Communicate Your Needs:

When you’re making dinner plans, don’t be shy. Pick a restaurant that will work for your eating plan. Let your friends know that you have to be careful with the foods you’re putting in your body. Tell them right away that fast food and buffets are just not on the table for you. Be prepared to answer questions, and follow them up with your own suggestions. Try not to sound critical or self-righteous—remember that some will be more sensitive than others.

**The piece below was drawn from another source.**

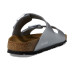 Birkenstock Arizona Birko-Flor™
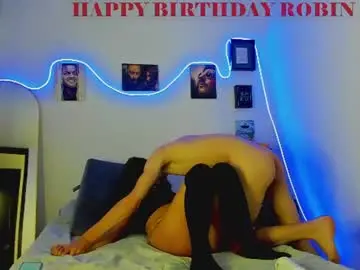 Chaturbate Free Porn Cam of jacobmurphy2103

Find Common Ground! Pick a Restaurant Everyone Likes:  

  • Seafood: Cod, scallops, shrimp, and crab (not imitation!) are among the lower calorie fish. Load up on the veggies. Watch the sauces! Try and choose low-fat sauces like mustard, cocktail sauce, lemon juice, horseradish, wine, garlic, spicy tomato, or just have it grilled dry. Seafood broth makes a great dip over butter for crab and lobster. Try that!
  • Burgers: Pick a place that uses good quality beef (research!). Call ahead and see if they make homemade veggie burgers. Toss the bun and ask them to wrap your burger in lettuce or on top of a bed of greens.
  • Italian: Not all Italian consists of pizza and pasta. Find an Italian restaurant that has a selection of protein entrees with a side of roasted veggies. Most Italian restaurants have an array of things to choose from like grilled fish and chicken dishes. Choose sauces like tomato, red clam, or marinara over the heavier options like alfredo, butter, or pesto. Say no to bread and yes to mixed green/tossed salad (no antipasto or Caesar-these are drenched in fat)!
  • Thai: Thai restaurants usually have plenty of dairy-free and gluten-free options. If there’s a vegan in your group, they’ll love Thai. You can’t go wrong with the chicken and veggie green curry with brown rice.
  • Sushi: Instead of white rice, ask for brown or black rice—don’t knock it til you try it! Skip the spicy mayo and teriyaki, and choose the low sodium soy sauce instead (just ask for it). Avocado is a nice alternative to cream cheese. Be sure to ask about the crab—more than likely it’s imitation. Choose salmon, shrimp, or eel. When in doubt, always ask! Servers in sushi restaurants are always prepared to be bombarded with questions. You won’t be the only one.
  • Mexican: Allow yourself a certain number of chips and salsa, and then STOP. Push the basket away from you—have the server take them away. I bet your friends follow your lead. Salsa is a great dip or substitute for dressing. Choose guacamole over sour cream; it’s high in unsaturated fats. If you order taco salad, skip the taco shell bowl. Choose chicken or shrimp instead of the ground beef. Skip the fried entrees. Lighten up on the cheese. Choose beans over the rice (high in carbs).

Be Prepared

If you’re afraid of being a pest and holding up your server and friends with questions, read the menu online beforehand and call the restaurant with questions. It can’t hurt to navigate through the ingredients before you go, in order to stay true to your own lifestyle and avoid uncomfortable/annoying scenes at the same time.

Final Thoughts

While we all hate being under the microscope, remember that living in health can also be contagious. When your friends are genuinely interested in what you’re doing to look and feel so great, set up a day and time for some one-on-one conversation. From there, you can share your new ways and refer them to Forum Health. Just think how much easier dining out will be when you’re all living in health!